- [Available data]:
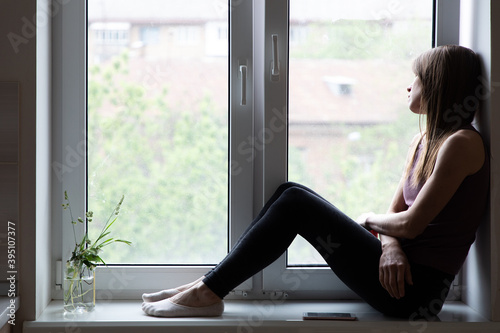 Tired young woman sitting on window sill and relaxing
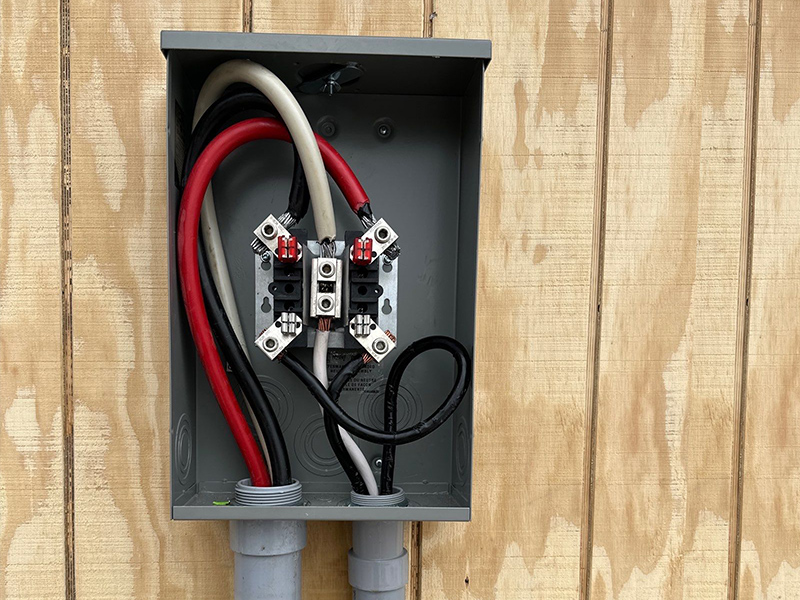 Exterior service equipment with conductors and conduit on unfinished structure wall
...
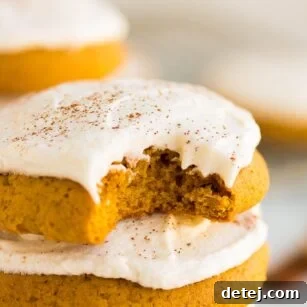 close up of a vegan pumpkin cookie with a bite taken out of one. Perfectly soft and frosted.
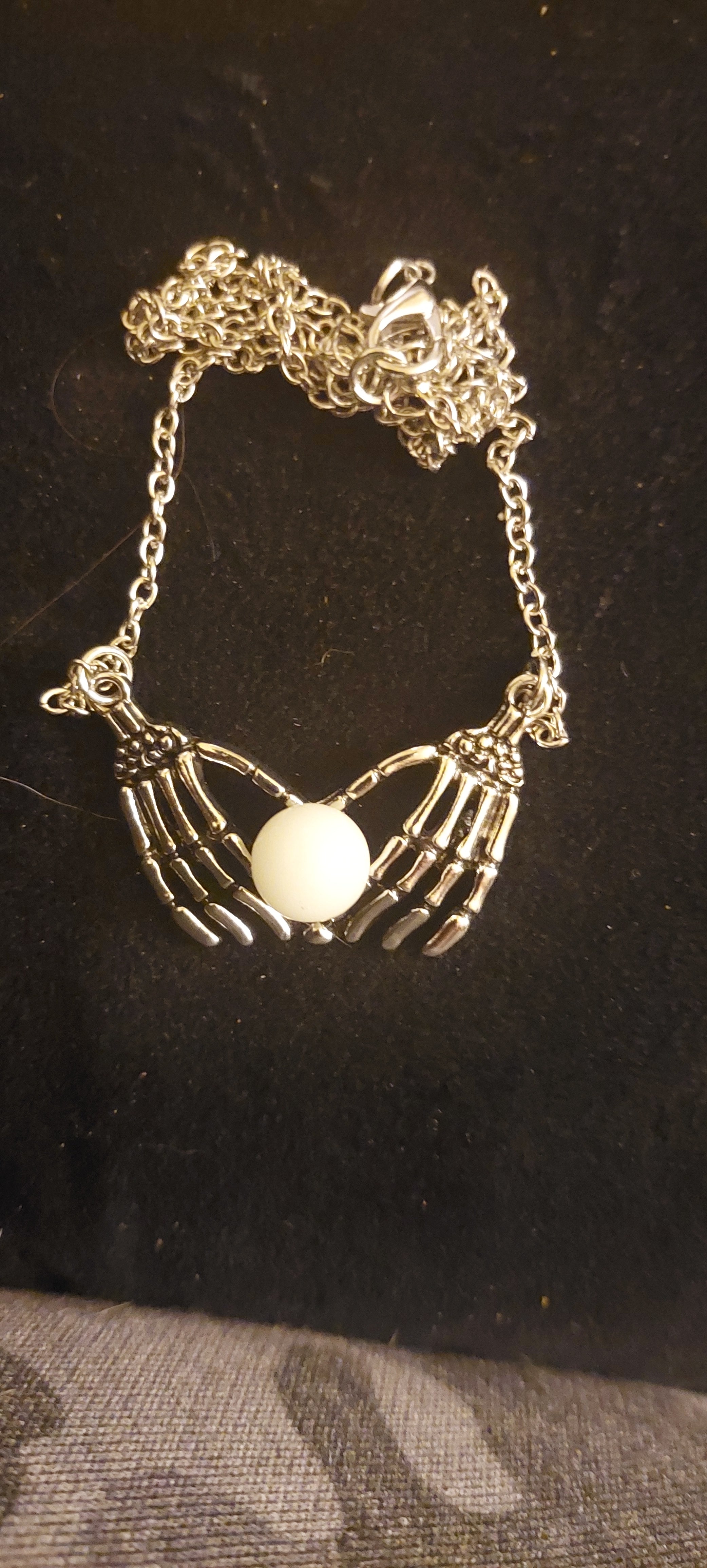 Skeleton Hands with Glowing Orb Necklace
...
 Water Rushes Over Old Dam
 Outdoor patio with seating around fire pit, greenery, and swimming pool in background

- [Work item]: The lines to reproduce run from the one above containing "Tired young woman" through the one containing "Exterior service equipment". Copy them exactly and leave out all pictures.

- [Problem solution]:
 Tired young woman sitting on window sill and relaxing
 Exterior service equipment with conductors and conduit on unfinished structure wall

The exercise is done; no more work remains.